Le chemin de fer, créateur du premier « ferry ».
Les premières lignes de chemin de fer construites à partir des années 1820 sont des entités complètement indépendantes, n’ayant d’autre ambition que de relier des villes proches les unes des autres, sans perspective de constitution d’un réseau national ou international. Un chemin de fer conquérant le monde ? Pas prévu : les locomotives sont encore trop fragiles, leurs performances sont encore modestes. Les essieux et les rails se brisent comme du verre parce que l’on connaît mal cette science que l’on appellera la « métallurgie ». Les progrès faits sur les fontes, l’introduction de l’acier, voilà ce qui va rassurer et donner l’audace de pousser les vitesses et les distances atteintes.

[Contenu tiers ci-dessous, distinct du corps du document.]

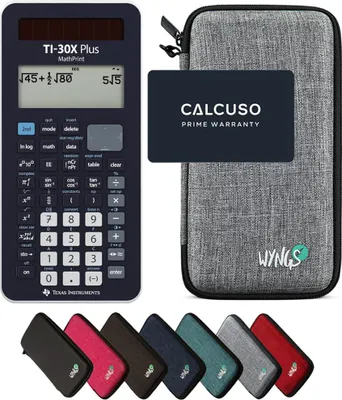 Produktbild von TI-30X Plus MathPrint inkl. WYNGS Schutztasche Hellgrau - Wissenschaftlicher Taschenrechner - Basic Set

Quand, vers 1850, ces lignes finissent par constituer des réseaux aboutissant aux frontières des pays, et elles passent d’un pays à un autre pour desservir des continents entiers, il se pose le problème de l’obstacle créé par les mers, les estuaires, les grands lacs. Même le « Transsibérien » se heurte au lac Baïkal, comme le transcontinental américain au Great Salt Lake, tandis que la mer du Nord fait obstacle sur les réseaux scandinaves ou baltiques. Les trains s’arrêtent désormais au bord des eaux, et on peut, si la rive opposée n’est pas trop éloignée, construire un pont d’une grande longueur. Facile à dire, mais pas à faire, et si le bras de mer ou le lac sont trop larges pour les constructeurs de ponts de l’époque, il faut transporter les trains sur un bateau, avec leurs voyageurs ou leurs marchandises.


Si l’ère du navire porte-trains est née du fait de la limitation des possibilités techniques en matière de construction des ponts, un curieux retour de l’histoire fait que, aujourd’hui, les progrès techniques immenses effectués dans la construction de grands ponts ont permis de supprimer des services de ferry-boats ou « bateaux porte-trains », notamment en Europe du Nord avec les grands ponts danois ou suédois.

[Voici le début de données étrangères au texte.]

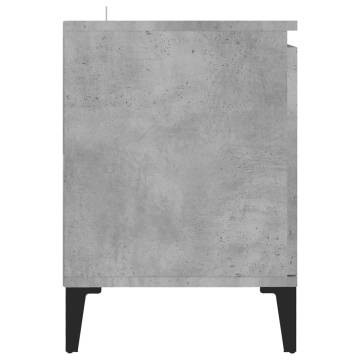 TV Cabinet with Metal Legs Concrete Grey 103.5x35x50 cm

Le recours au « bateau porte-trains » : bien avant l’ère automobile.
Ils sont mis en service bien avant 1900. L’anglomanie à la mode de la Belle Époque les appellera rapidement des « ferry-boats » et il n’y a pas d’ambiguïté dans le terme, puisque ces bateaux ne transportent que des trains. Ultérieurement, quand l’automobile apparaît et se généralise, les « ferry-boats » deviendront des « train-ferries », surtout sur la Manche, quand il faudra bien les distinguer des « car-ferries ».
Aujourd’hui, et comme il fallait s’y attendre, on a abrégé le terme à un seul mot, et la plus grande confusion règne sur le sens usuel et courant du seul mot « ferry », la plupart des personnes pensant que tous les « ferries » actuels transportent des automobiles. Il faut dire que toute idée du transport d’un train sur la mer est devenue impensable. Or les premiers « ferries » ont bel et bien été des prolongements des réseaux ferrés et dès l’époque de leur création.

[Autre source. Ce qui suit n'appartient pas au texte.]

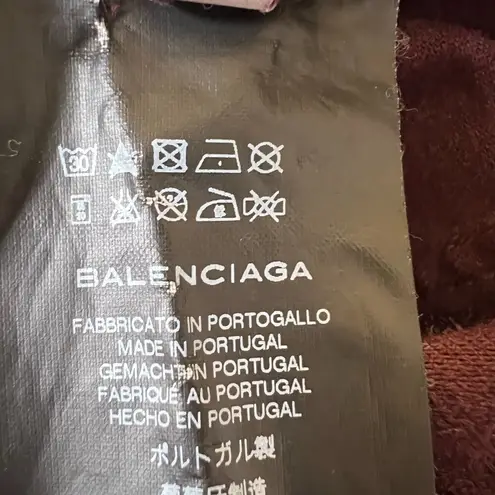 Balenciaga . Pants Maroon Burgundy Skinny Denim Pants Women's Size 42 EU (US 10)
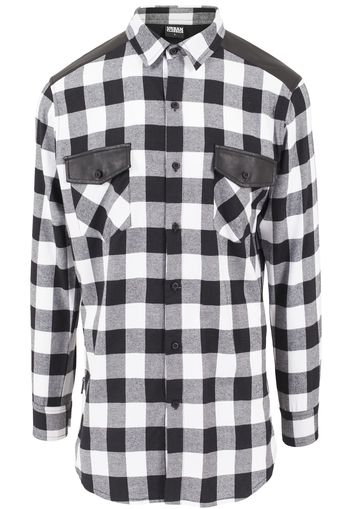 Urban Classics Camicia  bianco / nero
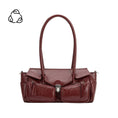 Load image into Gallery viewer, Ruthie Burgundy Recycled Vegan Leather Shoulder Bag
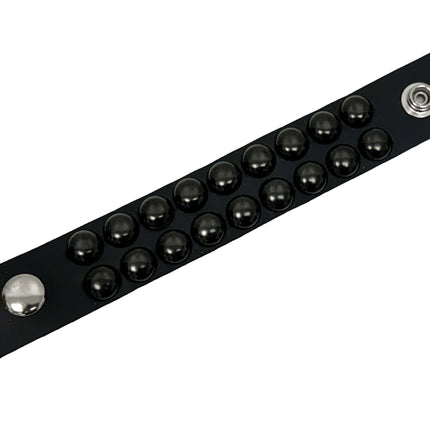 BC112RND  1/2" LARGE ROUND STUD BRACELET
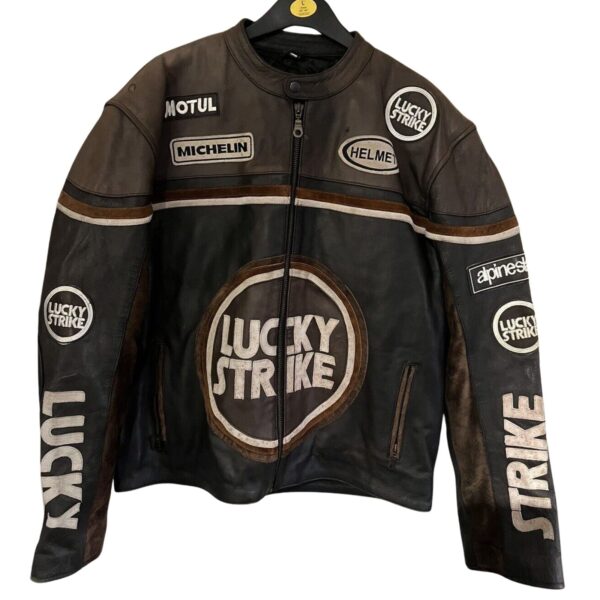 Lucky Strike Racing Leather Jacket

Revenons à la fin du XIXe siècle quand les trains veulent franchir les mers. Faute de ne pouvoir faire passer les trains sur un grand pont, la raison de l’existence de ces navires est le gain de temps. Il faut parfois plus d’une heure, sinon deux, pour faire descendre tous les voyageurs d’un train, pour les faire embarquer dans un navire, et pour transborder en même temps tous leurs bagages. On retrouve le même problème avec le transbordement des marchandises qu’il faut décharger des wagons avec une grue, et les charger dans les cales du navire.
Pour éviter les transbordements de navire à wagon et vice versa, on a intérêt, quand la durée de traversée est courte par rapport à celle du trajet sur rails, à recourir au « ferry-boat » ou, disons en bon français, « bateau porte-trains ». Dans ce cas, en effet, la durée totale du trajet se trouve démesurément allongée par le temps perdu dans les opérations du double transbordement, tandis que l’embarquement d’un train complet sur un ferry-boat et son débarquement n’exigent l’un et l’autre qu’un quart d’heure avec les moyens offerts par des ports et leurs gares maritimes à partir du lendemain de la Première Guerre mondiale.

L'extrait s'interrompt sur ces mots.